BEGIN Provided data

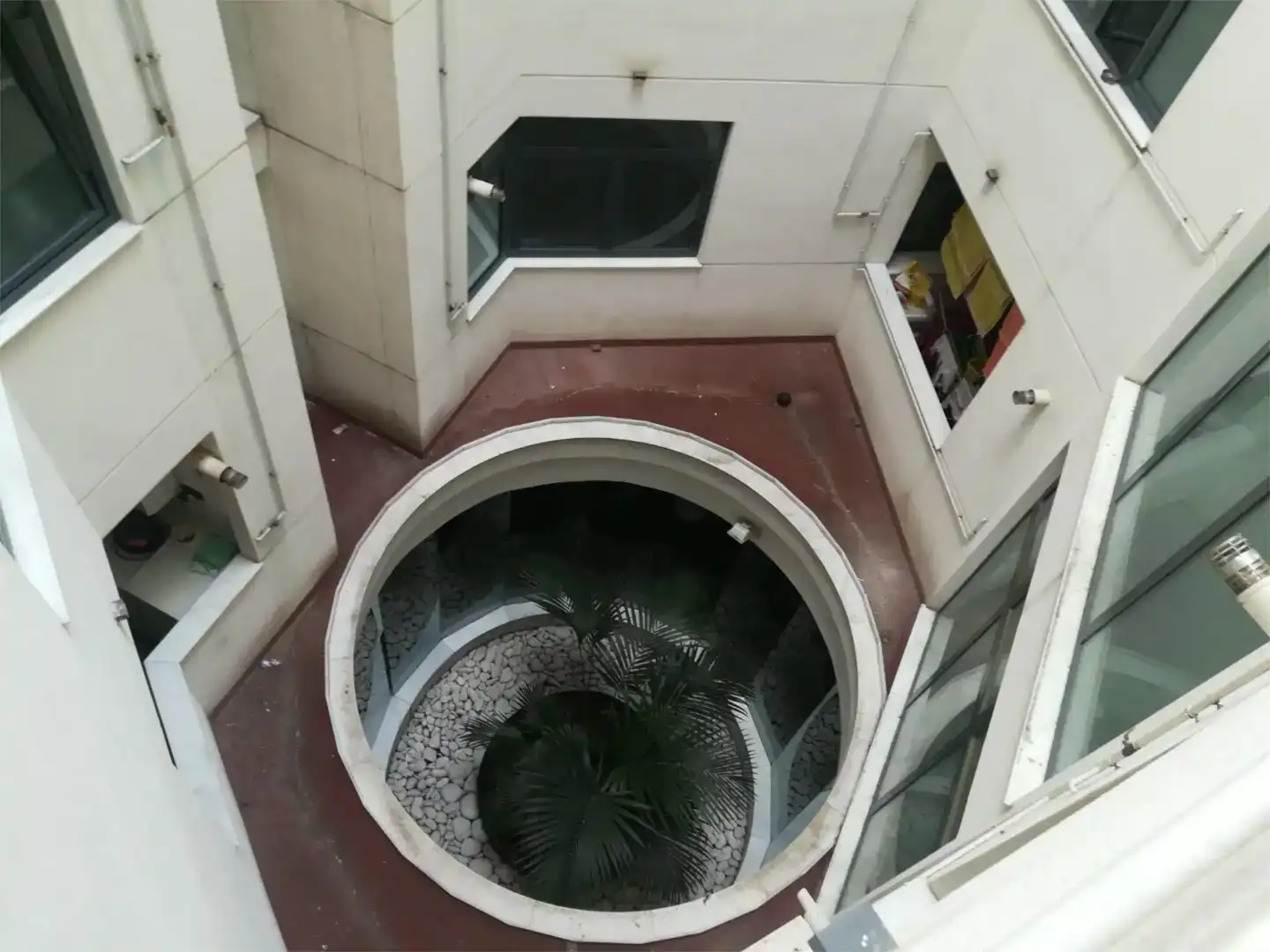 Terraza de Piso en venta en Ontinyent con Aire acondicionado y Balcón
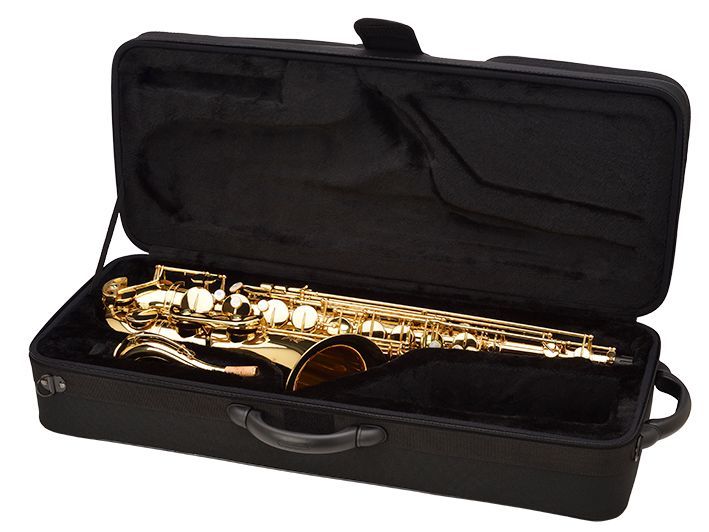 J. Keilwerth ST-110 B-Tenorsaxophon  JK3103-8-0, incl. Etui _00042156_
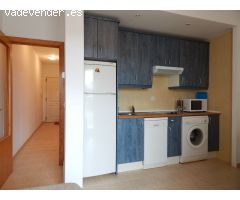 Apartamento en alquiler calle Ciudad de Toledo 9, ÁVILA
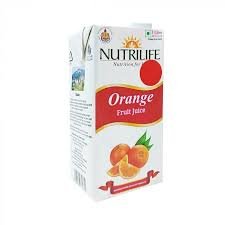 FRUIT JUICY LITER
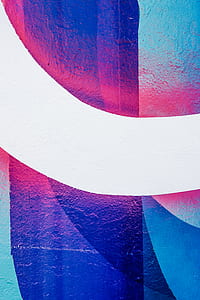 wall, art, painted, texture thumbnail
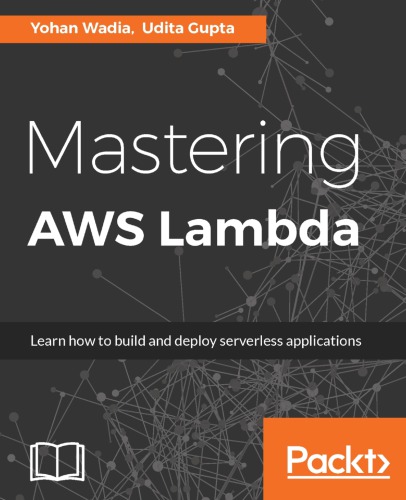 Mastering Aws Lambda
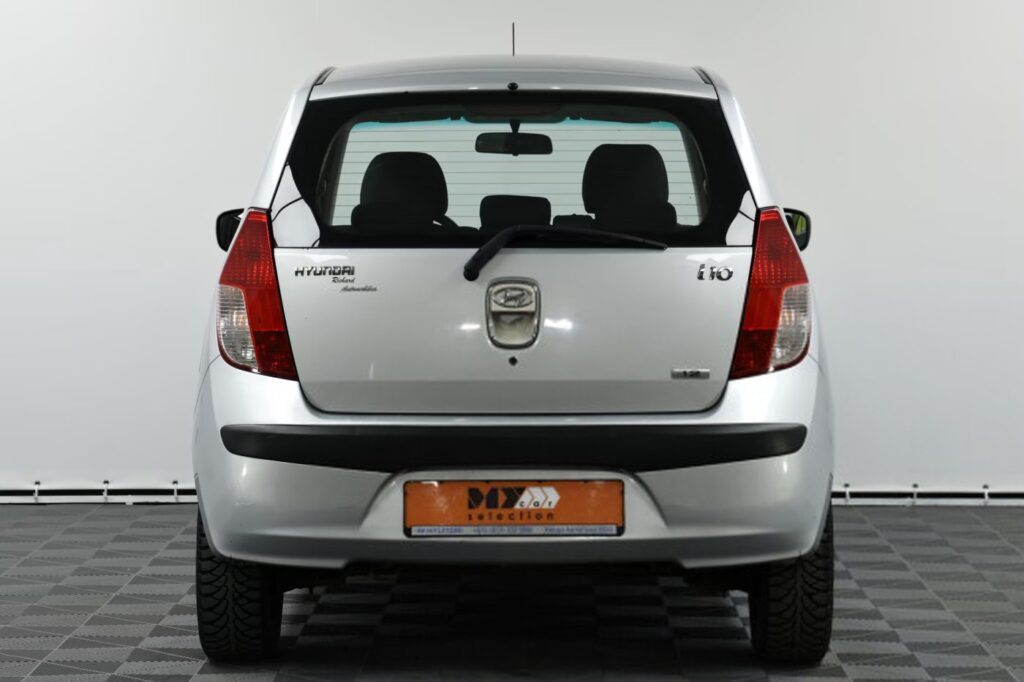 Hyundai i10 I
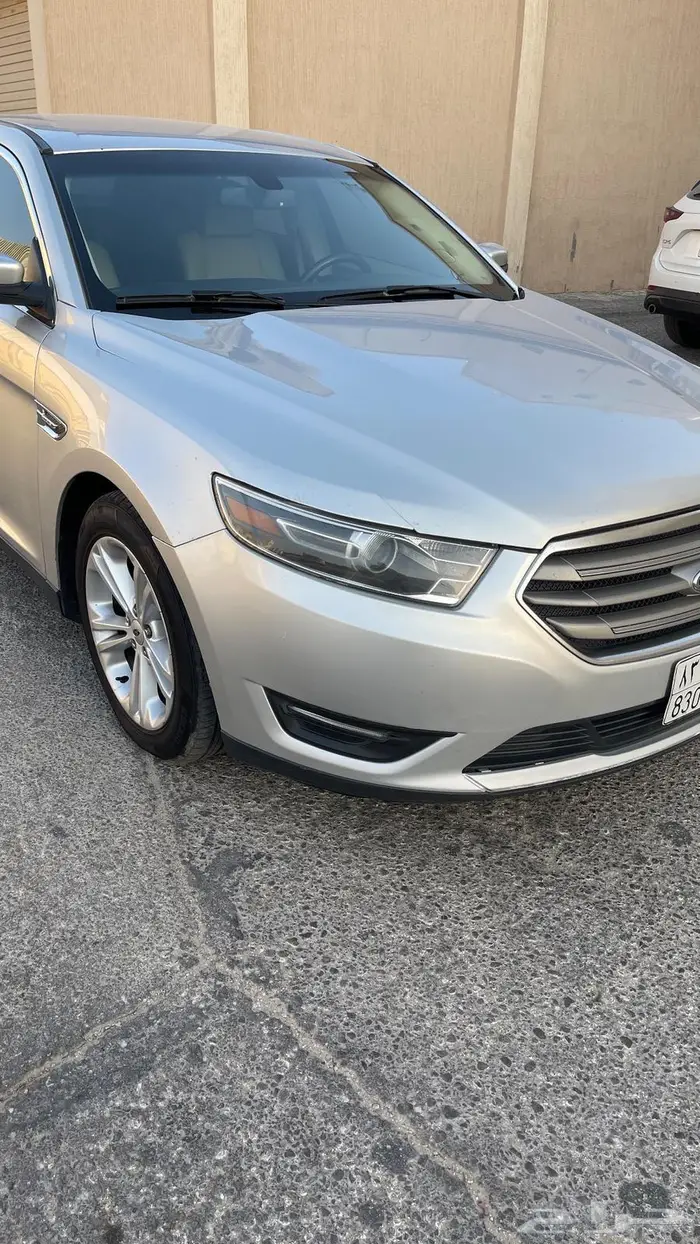 فورد 2016 7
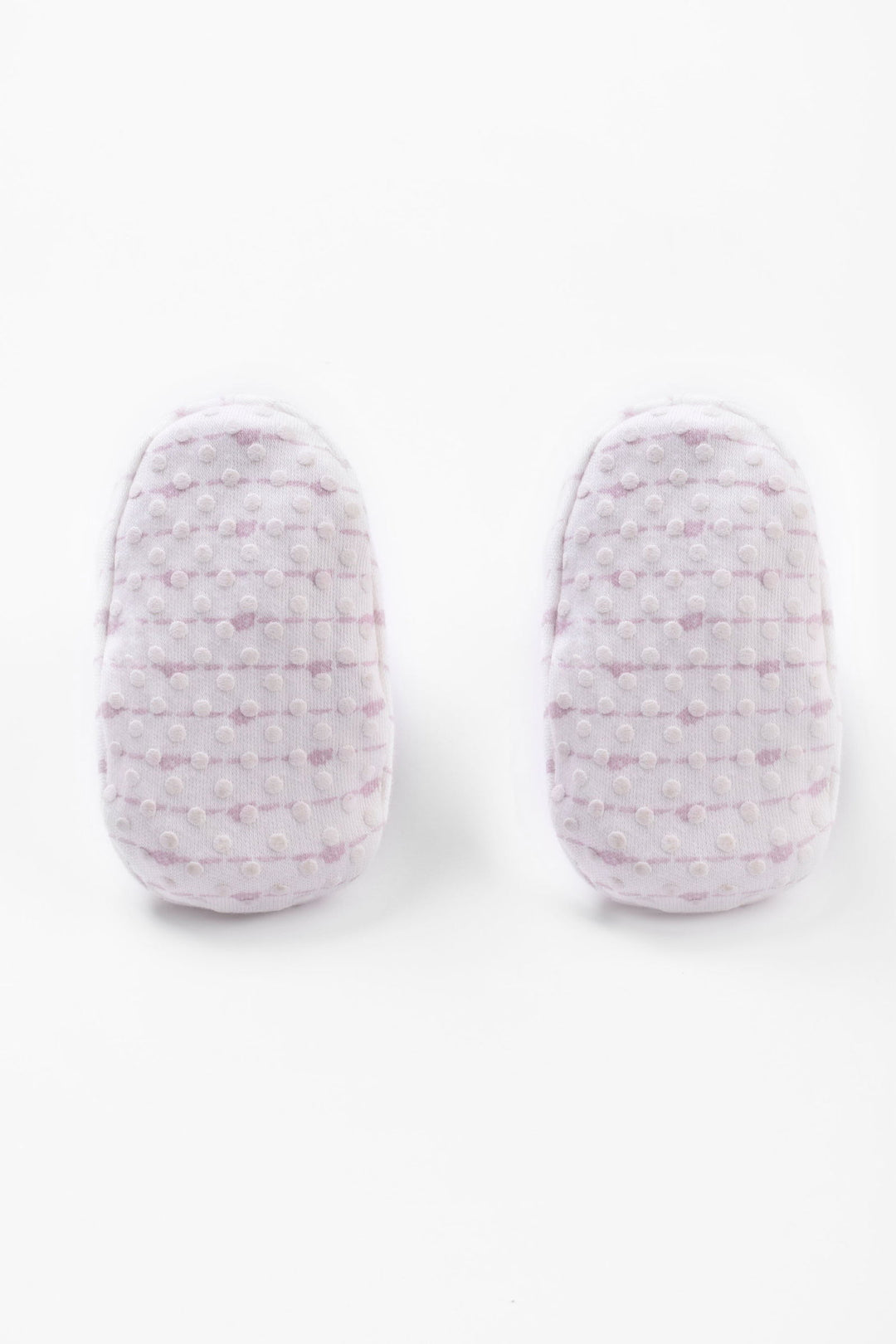 Printed Baby Slippers P/2 - Junior Egypt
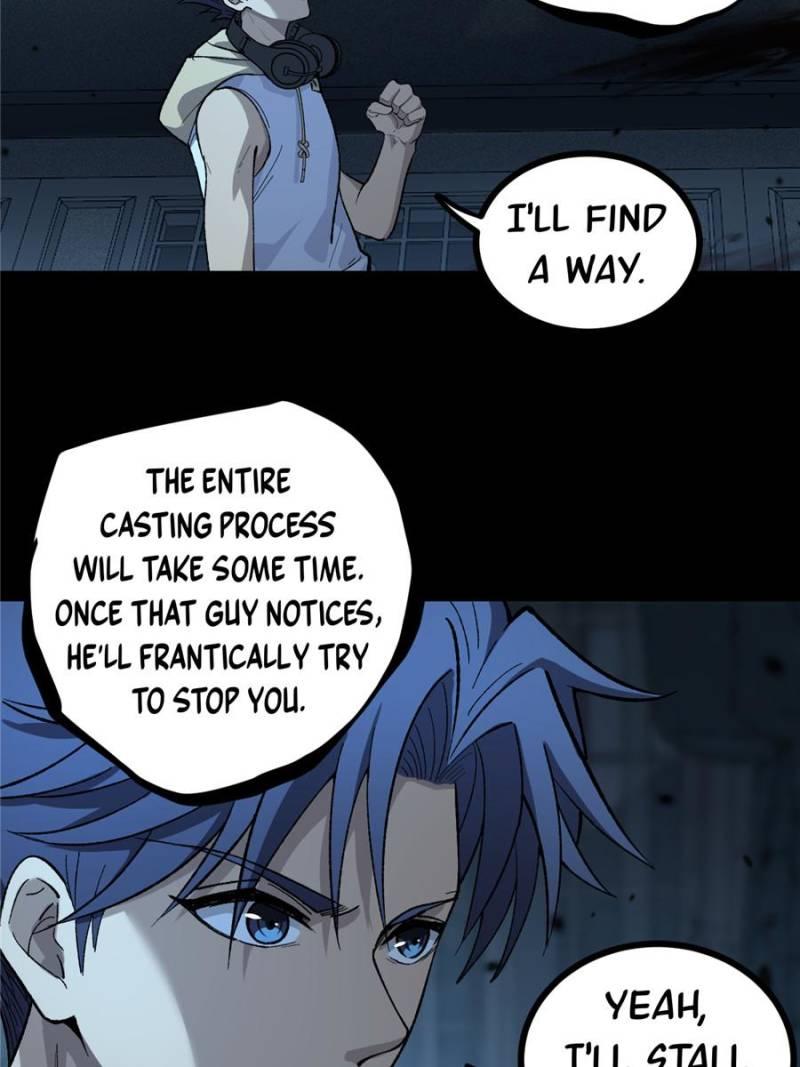 Read Myriad Realms Gatekeeper Manga Online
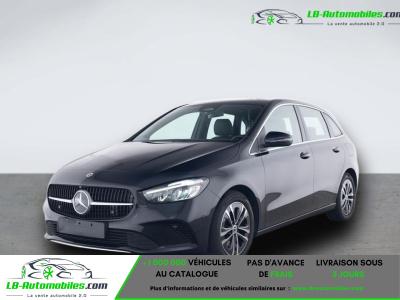 Mercedes Classe B 180 d BVA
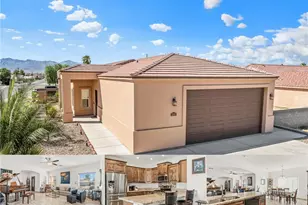 3745 May St, Bullhead City, AZ 86442 - Photo 1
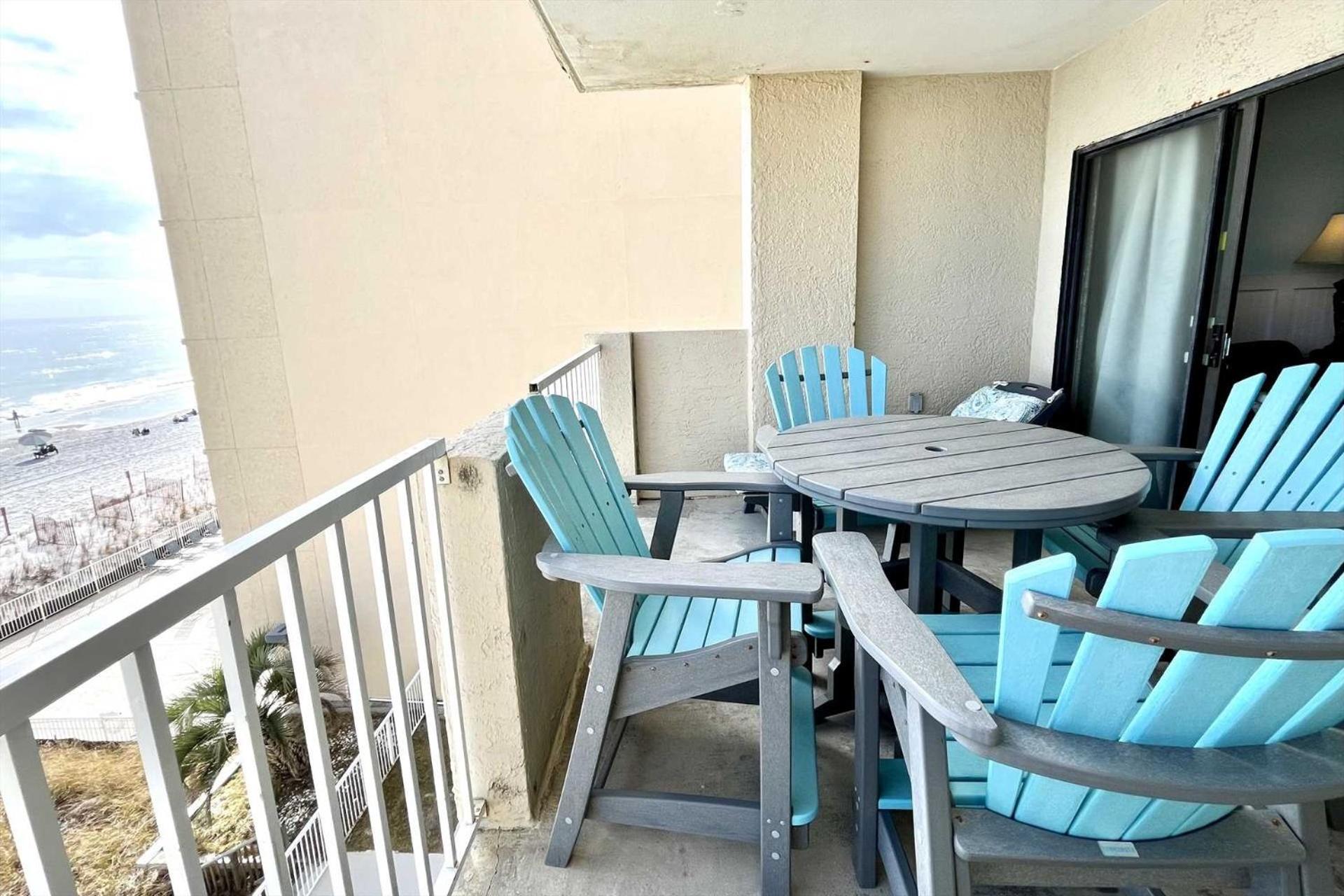 Tropical Winds 304 Condo Gulf Shores Kültér fotó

END Provided data

**Directions:**
Pictures stay out. Print the data exactly, from its first line through the line containing "wall, art, painted, texture thumbnail".

**Result:**
 Terraza de Piso en venta en Ontinyent con Aire acondicionado y Balcón
 J. Keilwerth ST-110 B-Tenorsaxophon  JK3103-8-0, incl. Etui _00042156_
 Apartamento en alquiler calle Ciudad de Toledo 9, ÁVILA
 FRUIT JUICY LITER
 wall, art, painted, texture thumbnail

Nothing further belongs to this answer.